By nearly making us an accessory to the action, Cohen dilutes that struggle instead of steeping it. The confrontation should be seen from a distance, with the audience as outside observers able to develop judgments without feeling too involved. That’s why “Cuckoo” worked as a play and, especially, as a movie. Cohen lets the atmosphere of the ward press too close; it’s overwhelming at times.

On a more practical level, the seating’s organization presents a gamble for any ticket holder. It’s a challenge to see all that’s going on, particularly if you end up with a bad vantage point. Many people were craning (a few in the back even stood a couple of times) to take it all in.

The characterizations of Mitchell J. Mills as McMurphy and Patti Patronite as Nurse Ratched also weren’t as revealing as they could have been. Mills did have the requisite earthiness and an I-can-wrestle-the-devil! kind of street bravado, but there wasn’t enough leaderly charisma glaring through. He wins the other inmates over very quickly, and with this McMurphy, it seems too quickly.

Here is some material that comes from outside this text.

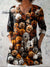 Women’s Vintage Cute Paws Art Print Casual Linen V-neck Shirt Multicolor / S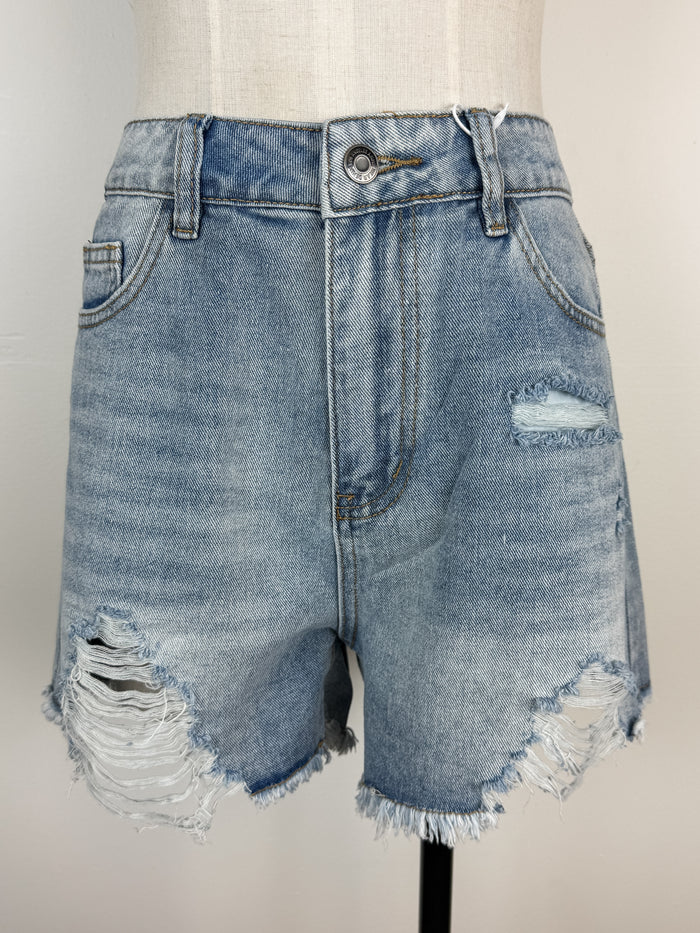 Nova Distressed Rigid Denim Shorts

Patronite resorted to mean stares and a few short, cutting declarations to communicate Nurse Ratched’s egomania, but what we needed was more information on why she’s so nasty and controlling at heart. To be sure, it’s the play’s most difficult role--how do you illuminate a character intent on remaining a cipher to everybody she comes in contact with?--but the actor must find ways to connect us to it.

The production’s best performances came from the cadre of inmates that Ratched systematically ruins and McMurphy influences. Ken Meyers gave an intelligent reading of the complicated, preening Harding, and Michael Gaffney’s Billy Bibbit was the lost sufferer he’s supposed to be.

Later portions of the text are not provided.